A favorite question that was asked by pundits and historians in 1989 revolved around who was responsible for the bringing down of the Berlin Wall, and two years later the collapse of the Soviet Union.  President George H.W. Bush took credit for winning the Cold War, while others argued it was due to the Reagan presidency.  In his new book,  SAVING FREEDOM: TRUMAN, THE COLD WAR, AND THE FIGHTFOR WESTERN CIVILIZATION MSNBC “Morning Joe” host, Joe Scarborough argues that it was because of the policies implemented by President Harry S. Truman which allowed the United States to become the lone superpower in the early 1990s.

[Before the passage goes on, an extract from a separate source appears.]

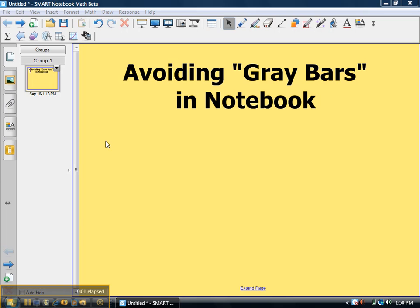Hi, my name is Matt, and this is a video on how to avoid getting gray bars while working in Notebook software.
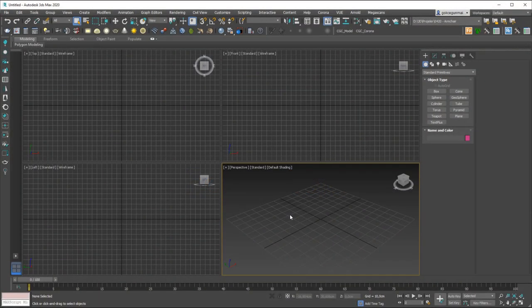Hello friends, this is Gökçe from CGCave.com. Welcome to a new 3ds Max tutorial. In this lesson we are going to learn about the rotate tool.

For those who are conversant with the events and personalities that dominated the foreign policy debate in the post-World War era Scarborough offers little that has not been written elsewhere.  However, to the author’s credit he tells an absorbing story that created the foundation of American foreign policy that lasted for over seven decades.

One of the books dominant themes is the idea that the United States should assume the mantle of world leadership because of the vacuum created by England’s financial distress and the socialist agenda of the Labour Party.  This concept was the anti-thesis of American foreign policy since the founding of the republic and George Washington’s “Farewell Address” that called for “no entangling alliances” and became the basis of American isolationism.  The Democratic Party had been open to world leadership dating to Woodrow Wilson’s concept of economic internationalism, but the 1920s saw a fundamental change brought about by Republican disengagement on the world stage.  Scarborough argues it took men like George C. Marshall, Dean Acheson, George Kennan, and Harry Truman to confront Soviet expansionism along with Republican senator Arthur Vandenberg for the United States to accept the challenge and implement a policy of containment rather than pre-war appeasement when confronted by a threatening autocracy.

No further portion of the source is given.